Each line of the records that follow must come back exactly, with pictures skipped.

» **Records from a collection**
★ ★ ★ ★ ★ ★ ★
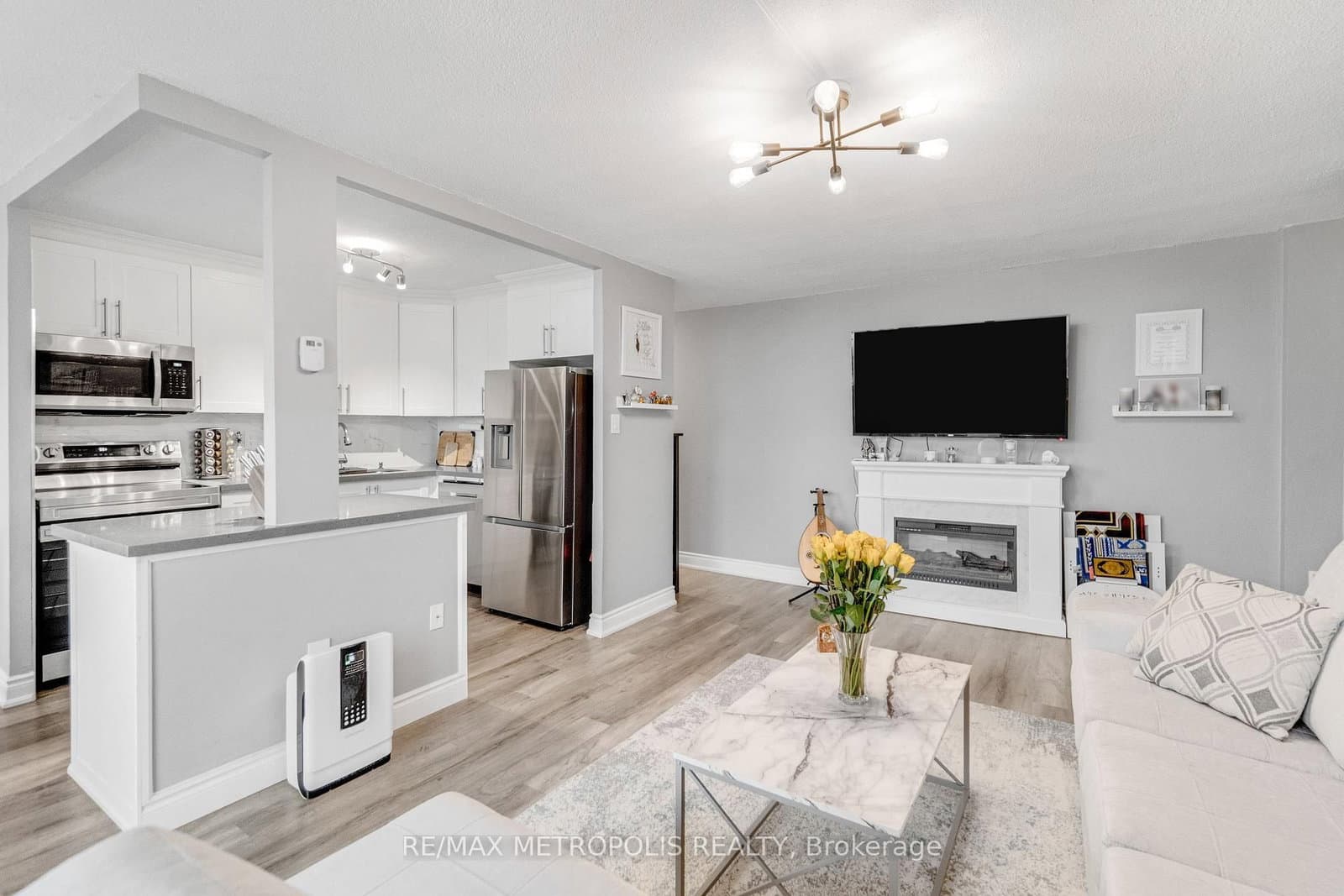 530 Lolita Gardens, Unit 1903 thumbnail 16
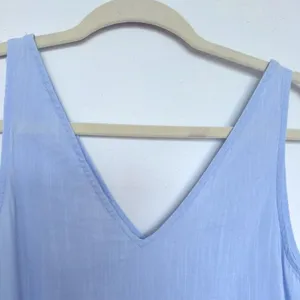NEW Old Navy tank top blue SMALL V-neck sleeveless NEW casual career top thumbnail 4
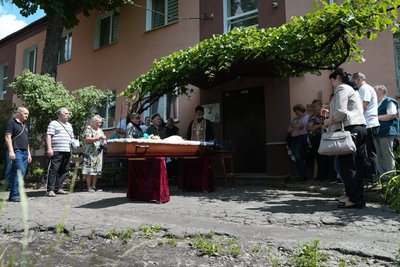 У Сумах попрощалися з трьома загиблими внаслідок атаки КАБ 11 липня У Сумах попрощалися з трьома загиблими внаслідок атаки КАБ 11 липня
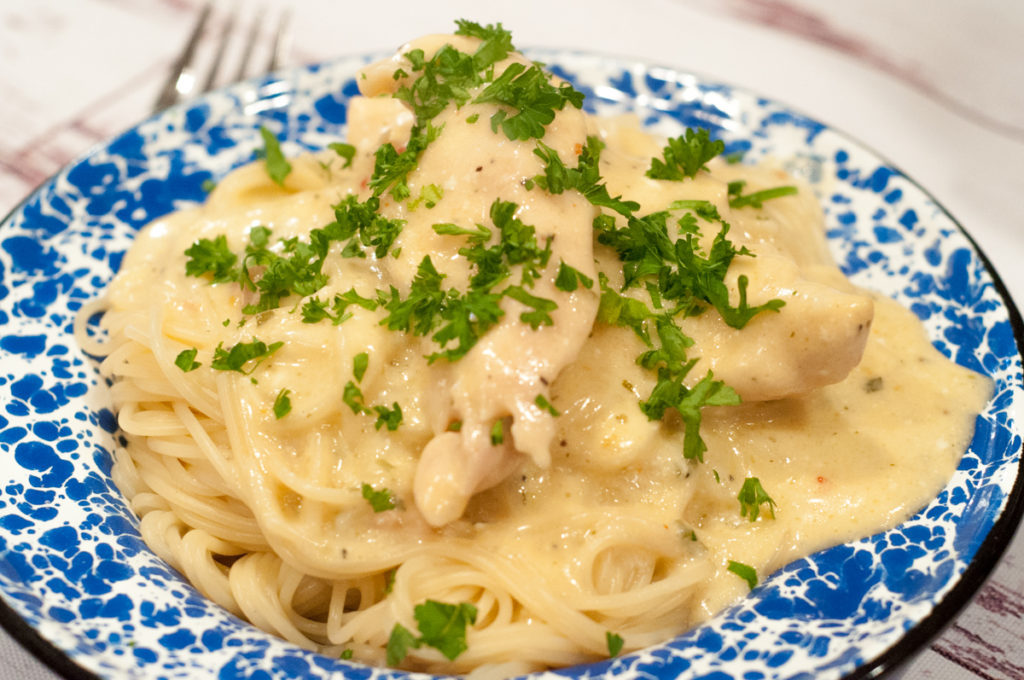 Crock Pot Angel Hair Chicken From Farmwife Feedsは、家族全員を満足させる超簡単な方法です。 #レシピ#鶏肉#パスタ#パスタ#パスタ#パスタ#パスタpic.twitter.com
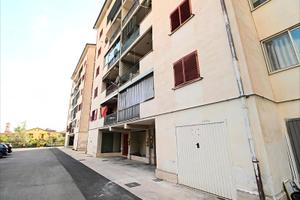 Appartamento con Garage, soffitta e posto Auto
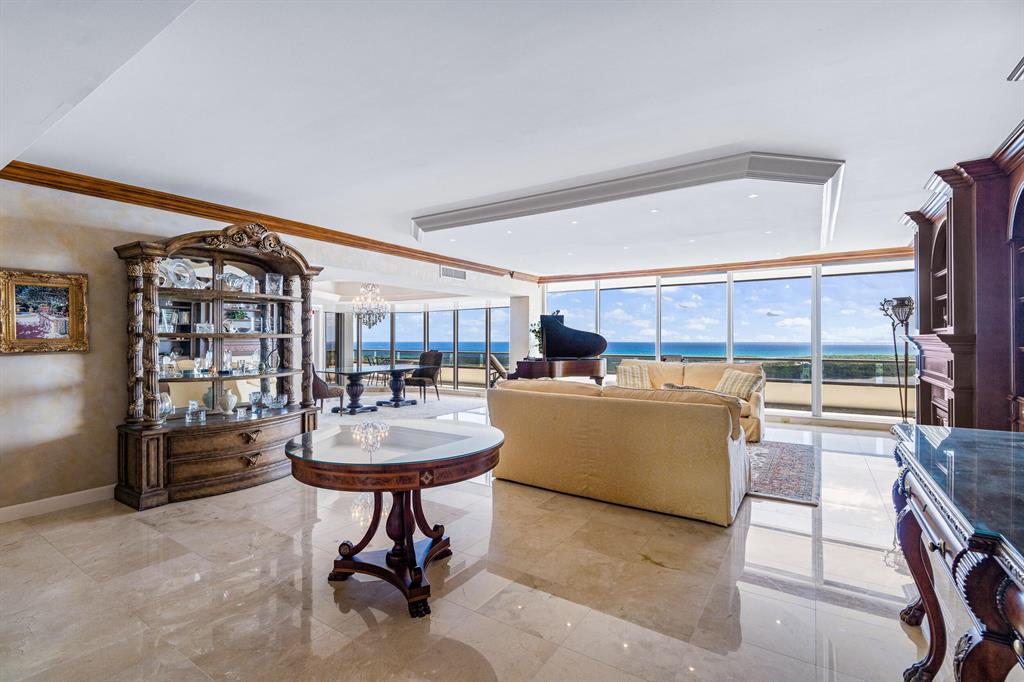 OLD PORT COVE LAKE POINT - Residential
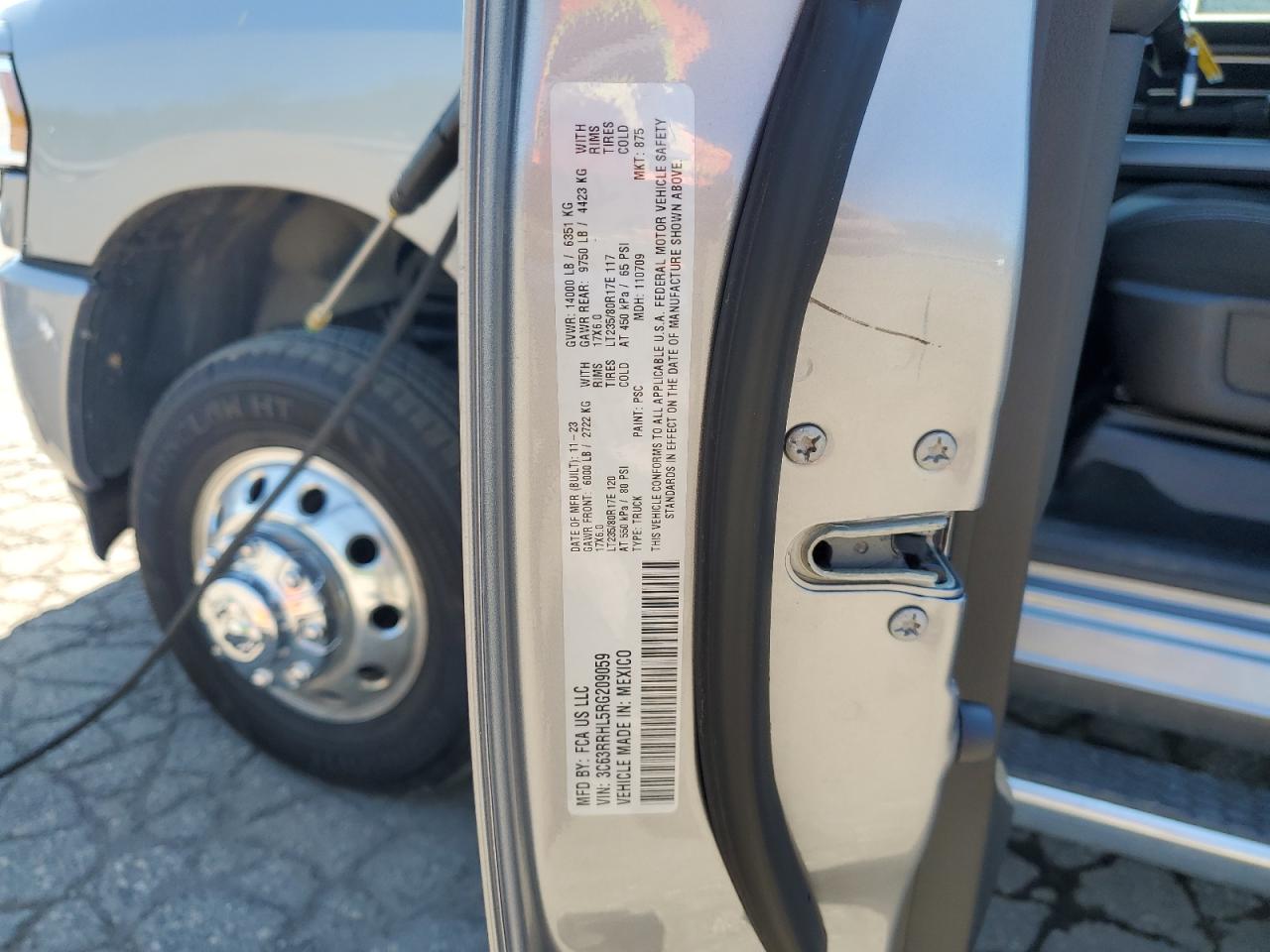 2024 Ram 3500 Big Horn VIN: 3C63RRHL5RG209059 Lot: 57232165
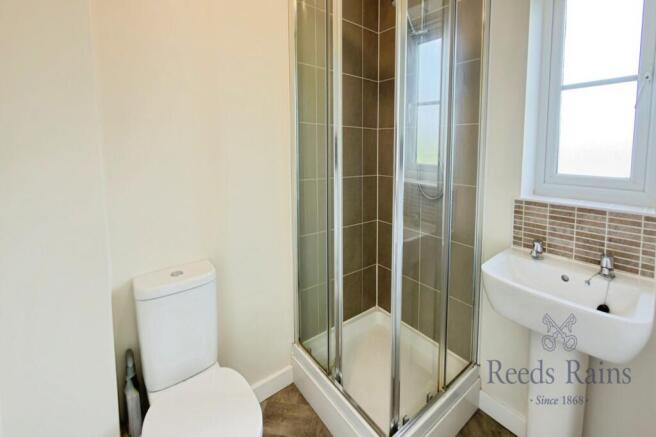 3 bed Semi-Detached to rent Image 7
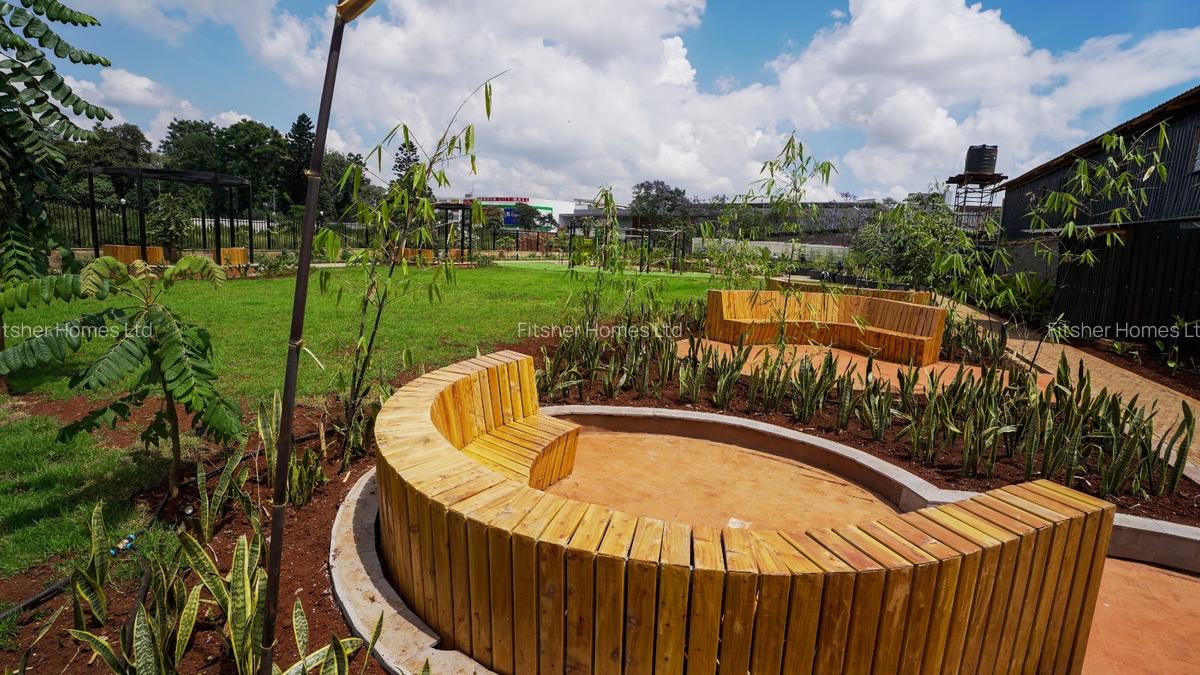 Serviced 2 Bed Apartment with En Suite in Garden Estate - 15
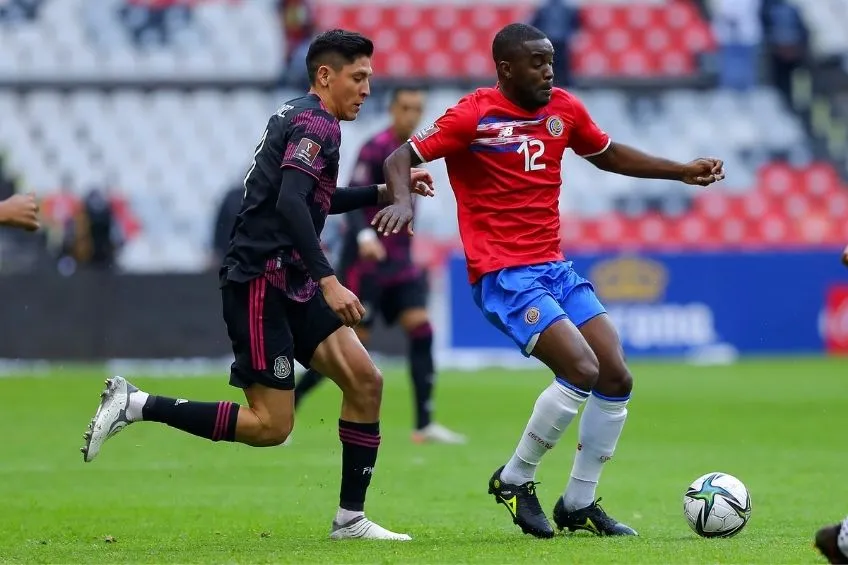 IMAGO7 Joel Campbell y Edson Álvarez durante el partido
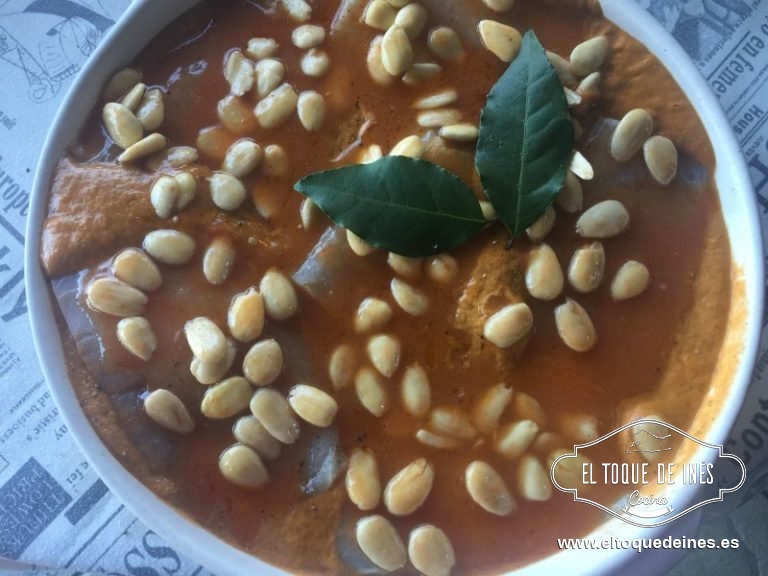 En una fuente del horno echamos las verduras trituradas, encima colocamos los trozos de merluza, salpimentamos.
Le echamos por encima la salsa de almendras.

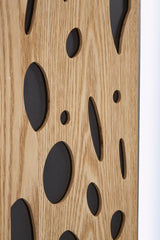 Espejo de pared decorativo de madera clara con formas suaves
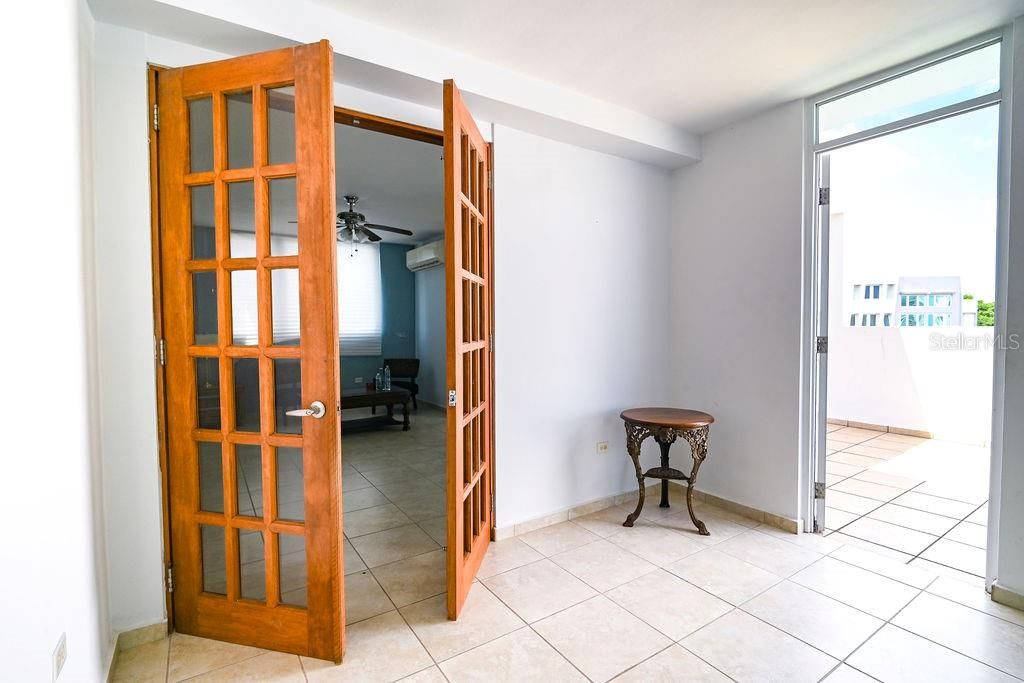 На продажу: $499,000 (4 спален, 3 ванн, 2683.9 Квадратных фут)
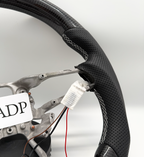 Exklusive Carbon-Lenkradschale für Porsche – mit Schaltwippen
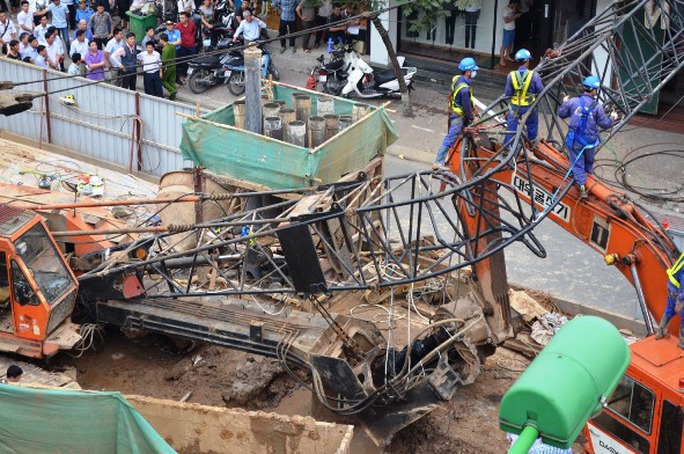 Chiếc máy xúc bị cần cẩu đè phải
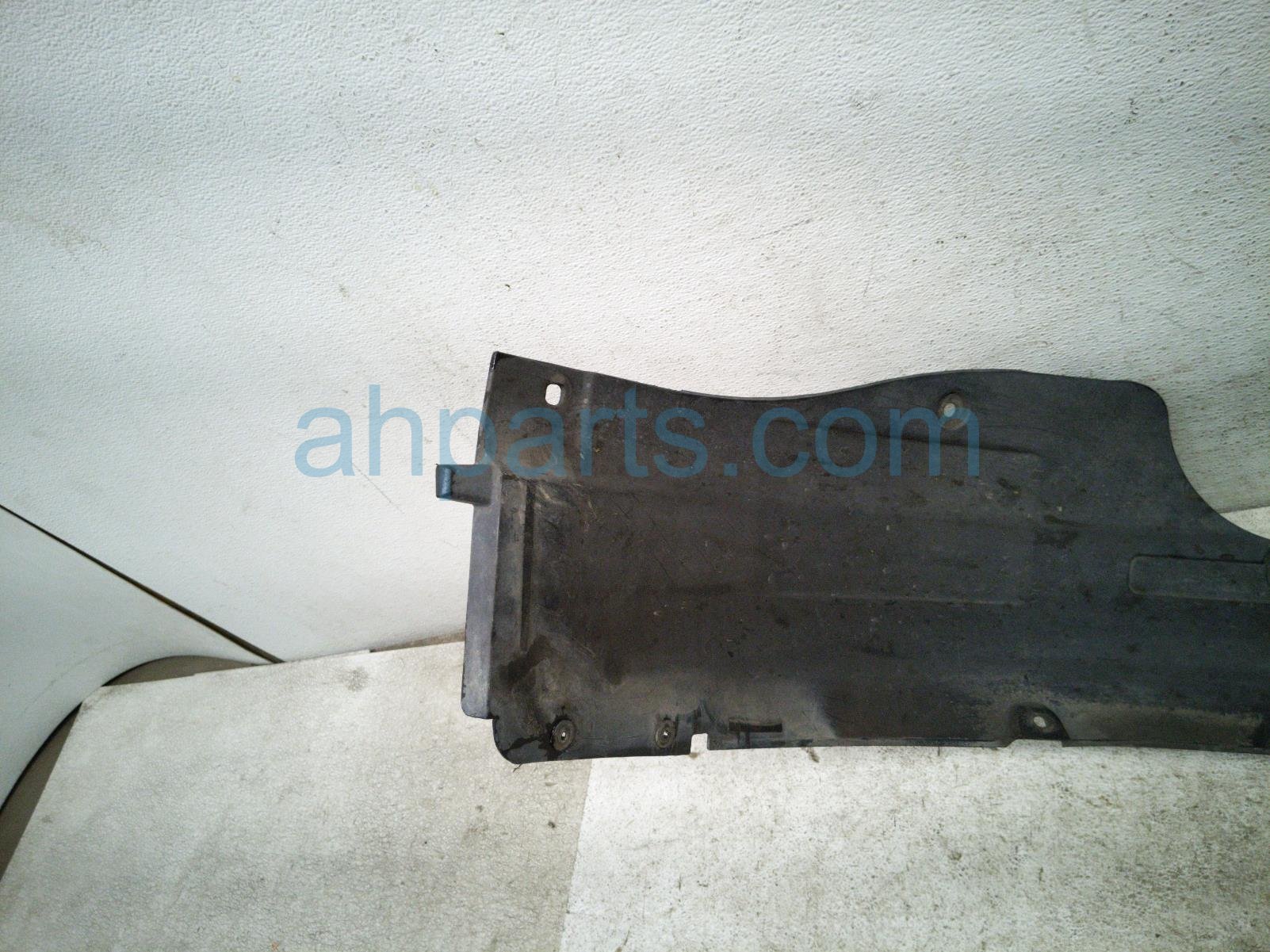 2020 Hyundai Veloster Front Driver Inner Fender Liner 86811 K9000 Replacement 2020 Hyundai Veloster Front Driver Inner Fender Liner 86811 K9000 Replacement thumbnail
★ ★ ★ ★ ★ ★ ★
» **Solution to the problem**
 530 Lolita Gardens, Unit 1903 thumbnail 16
NEW Old Navy tank top blue SMALL V-neck sleeveless NEW casual career top thumbnail 4
 У Сумах попрощалися з трьома загиблими внаслідок атаки КАБ 11 липня У Сумах попрощалися з трьома загиблими внаслідок атаки КАБ 11 липня
 Crock Pot Angel Hair Chicken From Farmwife Feedsは、家族全員を満足させる超簡単な方法です。 #レシピ#鶏肉#パスタ#パスタ#パスタ#パスタ#パスタpic.twitter.com
 Appartamento con Garage, soffitta e posto Auto
 OLD PORT COVE LAKE POINT - Residential
 2024 Ram 3500 Big Horn VIN: 3C63RRHL5RG209059 Lot: 57232165
 3 bed Semi-Detached to rent Image 7
 Serviced 2 Bed Apartment with En Suite in Garden Estate - 15
 IMAGO7 Joel Campbell y Edson Álvarez durante el partido
 En una fuente del horno echamos las verduras trituradas, encima colocamos los trozos de merluza, salpimentamos.
Le echamos por encima la salsa de almendras.

 Espejo de pared decorativo de madera clara con formas suaves
 На продажу: $499,000 (4 спален, 3 ванн, 2683.9 Квадратных фут)
 Exklusive Carbon-Lenkradschale für Porsche – mit Schaltwippen
 Chiếc máy xúc bị cần cẩu đè phải
 2020 Hyundai Veloster Front Driver Inner Fender Liner 86811 K9000 Replacement 2020 Hyundai Veloster Front Driver Inner Fender Liner 86811 K9000 Replacement thumbnail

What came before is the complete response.